These images are representations of reality that viewers and audiences invest with meaning and value. They are also stand-ins which are not wholly accurate because the public imposes its own priors, context, and assumptions onto the people who are depicted in these pictures.
Moreover, these visual representations also carry the weight and burdens of such identities as race, class, and gender. The latter are social frames and markers that help us to locate these two people--one a black woman, the other a white man--in our own cognitive map. Bodies, and our efforts to represent them visually, do not exist in a social, political, or cultural vacuum.
Our shared political culture in the United States is prefaced upon common understandings about democracy, political inclusion, meritocracy, and the virtues of civic participation. However, this model of political consensus is being strained and exhausted by a highly polarized media, political actors that are invested in amplifying our differences about (what should be) areas of common concern, and a self-fulfilling model where Red and Blue State America are depicted as being so vastly different, that "normal" politics and compromise across divides of party and ideology are made nearly impossible.
As a construct, culture is also defined by unstated assumptions. Here, culture is those things that people in a given society do, believe, and accept as givens without much critical discussion or inquiry. Culture is the terrain of settled matters and norms which do not need to be arbitrated or worked through: it forms the social glue of a community. Cultural is ultimately a framework and lens through which we process the world around us.
In the conservative media, the black woman with her (incorrectly named) "Obama Phone" is now the subject of a meme.
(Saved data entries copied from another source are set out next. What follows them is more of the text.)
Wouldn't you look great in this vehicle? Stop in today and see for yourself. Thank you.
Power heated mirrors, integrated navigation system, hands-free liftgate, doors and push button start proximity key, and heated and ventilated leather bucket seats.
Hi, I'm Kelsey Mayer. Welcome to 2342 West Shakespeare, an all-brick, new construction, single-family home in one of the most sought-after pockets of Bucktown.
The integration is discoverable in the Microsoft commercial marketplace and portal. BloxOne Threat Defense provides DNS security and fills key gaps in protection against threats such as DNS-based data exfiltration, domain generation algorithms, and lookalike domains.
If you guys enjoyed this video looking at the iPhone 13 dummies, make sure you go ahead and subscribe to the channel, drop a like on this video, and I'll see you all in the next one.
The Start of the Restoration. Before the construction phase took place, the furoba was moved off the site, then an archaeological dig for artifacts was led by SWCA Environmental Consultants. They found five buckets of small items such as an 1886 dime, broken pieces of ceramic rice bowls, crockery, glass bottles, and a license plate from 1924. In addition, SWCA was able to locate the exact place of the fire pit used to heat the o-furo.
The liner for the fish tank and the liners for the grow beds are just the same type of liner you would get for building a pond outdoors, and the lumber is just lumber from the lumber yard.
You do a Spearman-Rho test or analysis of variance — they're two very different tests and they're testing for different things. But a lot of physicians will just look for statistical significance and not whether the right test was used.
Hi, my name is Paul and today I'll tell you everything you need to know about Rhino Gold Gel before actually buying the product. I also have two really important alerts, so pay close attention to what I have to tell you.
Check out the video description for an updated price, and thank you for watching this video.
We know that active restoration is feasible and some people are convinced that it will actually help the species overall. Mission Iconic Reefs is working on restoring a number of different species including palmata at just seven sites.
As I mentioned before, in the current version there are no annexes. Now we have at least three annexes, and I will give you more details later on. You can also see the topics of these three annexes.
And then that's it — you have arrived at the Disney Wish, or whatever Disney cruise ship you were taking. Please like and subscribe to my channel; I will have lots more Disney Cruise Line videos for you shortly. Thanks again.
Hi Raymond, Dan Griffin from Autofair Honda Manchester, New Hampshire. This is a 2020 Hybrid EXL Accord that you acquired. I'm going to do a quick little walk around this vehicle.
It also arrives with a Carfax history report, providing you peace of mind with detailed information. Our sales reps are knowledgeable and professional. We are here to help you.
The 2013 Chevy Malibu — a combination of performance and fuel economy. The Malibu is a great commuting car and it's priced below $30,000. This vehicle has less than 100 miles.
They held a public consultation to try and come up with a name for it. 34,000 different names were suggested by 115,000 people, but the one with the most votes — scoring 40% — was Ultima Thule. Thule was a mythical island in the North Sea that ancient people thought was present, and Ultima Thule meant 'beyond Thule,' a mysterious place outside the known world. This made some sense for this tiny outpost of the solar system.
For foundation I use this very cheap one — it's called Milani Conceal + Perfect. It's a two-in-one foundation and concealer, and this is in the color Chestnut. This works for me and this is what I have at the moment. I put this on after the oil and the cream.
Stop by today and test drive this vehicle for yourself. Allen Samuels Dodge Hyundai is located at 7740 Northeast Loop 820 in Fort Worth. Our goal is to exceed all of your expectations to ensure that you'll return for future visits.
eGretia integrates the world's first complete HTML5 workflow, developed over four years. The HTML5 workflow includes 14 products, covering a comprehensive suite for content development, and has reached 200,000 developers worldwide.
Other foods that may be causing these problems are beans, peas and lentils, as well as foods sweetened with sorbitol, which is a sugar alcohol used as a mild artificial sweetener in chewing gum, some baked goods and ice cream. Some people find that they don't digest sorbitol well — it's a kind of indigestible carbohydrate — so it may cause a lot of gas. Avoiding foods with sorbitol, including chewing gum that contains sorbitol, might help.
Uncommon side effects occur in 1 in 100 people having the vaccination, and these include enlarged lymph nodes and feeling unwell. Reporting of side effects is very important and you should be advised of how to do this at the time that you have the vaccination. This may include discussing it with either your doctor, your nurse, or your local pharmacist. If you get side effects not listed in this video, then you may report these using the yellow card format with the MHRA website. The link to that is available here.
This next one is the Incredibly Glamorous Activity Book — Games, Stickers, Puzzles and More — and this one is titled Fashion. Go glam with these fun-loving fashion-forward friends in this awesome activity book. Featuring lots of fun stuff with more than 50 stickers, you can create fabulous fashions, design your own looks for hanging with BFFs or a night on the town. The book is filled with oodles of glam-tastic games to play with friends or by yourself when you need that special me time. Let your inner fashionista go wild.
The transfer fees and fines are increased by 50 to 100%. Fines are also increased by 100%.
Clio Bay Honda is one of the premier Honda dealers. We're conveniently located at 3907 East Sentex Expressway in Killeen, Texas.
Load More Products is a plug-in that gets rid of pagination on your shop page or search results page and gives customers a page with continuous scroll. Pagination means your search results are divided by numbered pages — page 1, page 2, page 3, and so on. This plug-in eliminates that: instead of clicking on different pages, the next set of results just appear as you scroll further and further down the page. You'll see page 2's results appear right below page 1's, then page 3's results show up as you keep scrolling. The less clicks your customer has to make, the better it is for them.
For the Right, she embodies all that is wrong with America, and a black president who is enabling a parasitic class of black and brown folks who live only to mooch off of "hard working" white people. For that public, and within the Right-wing Tea Party GOP conservative imagination more broadly, this woman is an alien Other, she is the undeserving poor, and an ideal-typical example of how blacks are anti-citizens who subvert American democracy. If America is supposedly a meritocracy where hard work is rewarded, the Obama Phone woman is the antithesis of these values.
That she is black, female, and poor represents a combination of attributes which are uniquely despised by white conservatives because of their addiction to symbolic racism, and a deep investment in the white racial frame. In the United States, poor black woman are counted as a group of people towards which public despise, shaming, and disgust is not just approved; rather, such disdain in the public sphere is encouraged as both a mark of middle class belonging and moral uprightness.
As Martin Gilens has deftly argued, moving the White public through appeals to Ronald Reagan's mythic Black Welfare Queen (as opposed to the corporate robber baron) is a cornerstone of contemporary conservatism, and is foundational to its efforts to destroy the social safety net, as well as drown the government in the proverbial bathtub.
In the Right-wing's dreamworld, the Obama Phone Lady is a "surplus" person with no place in an Ayn Rand fantasy, what is the Tea Party GOP's dystopian soon-to-be made true reality.
Culture is also transmitted through historical memory.
The white gun shop owner who believes that Obama is a socialist usurper represents a type of whiteness that is not benign. White folks imagine themselves through the lens of white privilege (where they are kind, innocent, and good). For others, Whiteness (and by implication, white people) has been a harbinger of violence, death, destruction, and exclusion.
White men with guns who are drunk on white racial resentment, and deeply proud of a gun culture that helped to do the work of both formal white supremacy, as well as Jim and Jane Crow, have historically been sources of deep anxiety for communities of color in the United States. White authority understood the power of guns and worked systematically to deny African Americans, and others, the right and privilege of gun ownership. The latter would allow us the ability to resist the regime of white terror that was the norm for most of United States history.
For example, the systematic disarmament of black men in this country after the Civil War was designed to make the African-American community especially vulnerable to white mob violence, racial pogroms, and ethnic cleansing. Even allowing for that fact, we resisted wherever and whenever possible.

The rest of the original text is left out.